01 março 2007

desta água...

- Bom dia Júlio – cumprimentou Ricardo ao entrar no café.
- Dr. Ricardo, essa saúde?
O Júlio, agora com mais de 70 anos, recebeu uma educação conservadora que o levou a manter um tratamento deferente para com os clientes mais respeitáveis, tendo progredido apenas de “Menino Ricardo” a “Sr. Alferes”, fixando-se para sempre em “Dr. Ricardo” desde que se soube do diploma.

Ricardo Sequeira, terceiro filho de um conceituado advogado da região, frequentou a Faculdade de Economia, onde se licenciou discretamente em Gestão de Empresas. Começou a carreira profissional na maior indústria transformadora do distrito, onde ao fim de 12 anos chegou a Director dos Serviços Administrativos.
Era uma pessoa de inabalável honestidade, princípio herdado do pai. Esta forte herança paterna acabaria também por confinar o Ricardo a uma carreira discreta: o demasiadamente rigoroso sentido de dever e de respeito pelo status quo que lhe foi transmitido transformou-o numa pessoa inibida. Talvez um outro tipo de vivência na mais tenra idade tivesse permitido uma maior projecção à carreira do Ricardo – pelo menos na empresa onde trabalhou, em que era seguramente o quadro de maior capacidade.

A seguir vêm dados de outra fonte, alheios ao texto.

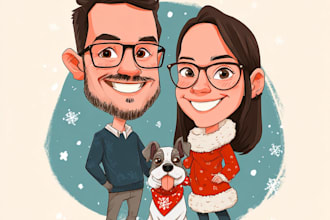make a christmas caricature, a winter holiday caricature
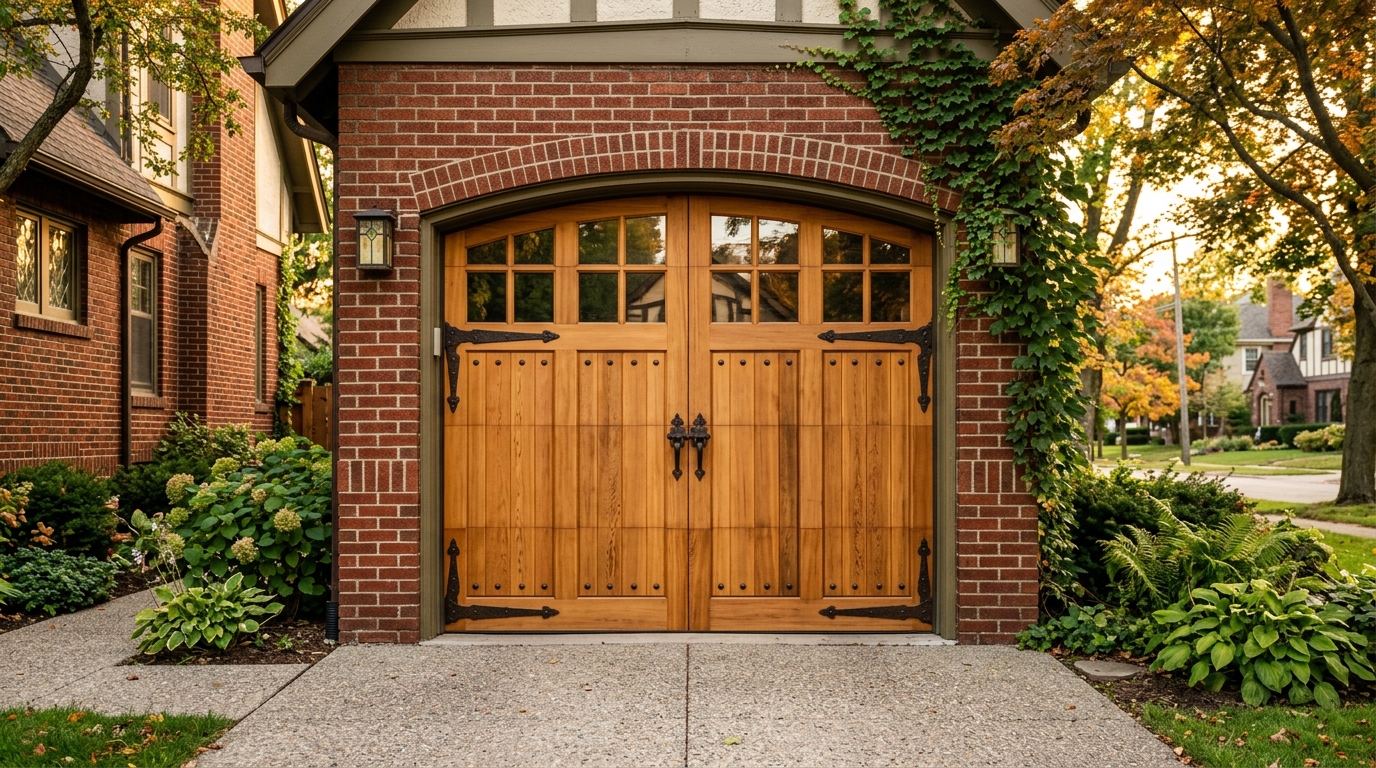 Cedar wood carriage house garage door on a craftsman style home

Teve uma vida familiar autónoma de acordo com aquilo que dele era esperado, pelo menos durante os anos em que conseguiu sustentar o casamento, baseado na amizade mais que em qualquer outro tipo de sentimento. Mesmo reconhecendo nele um marido dedicado e um fiel amigo, a mulher acabou por lhe levar parte da vida para outra cidade, argumentando que “não tenho mais vida para isto, lamento Ricardo, ambiciono mais que ter que comer e onde dormir”.
Por mais que “Joana, por favor não vás, eu preciso de ti”, a Joana foi mesmo e a filha única do casal, ainda sem idade para escolher, acompanhou a mãe na viagem. Em rigor, o Ricardo nunca a tal se oporia, por se julgar incapaz de proporcionar à filha uma vida com tanta qualidade quanto a mãe – e por o conformismo fazer parte da natureza dele. A partir desse dia, ele continuou a ser pai dela, mas ela nunca mais foi filha dele.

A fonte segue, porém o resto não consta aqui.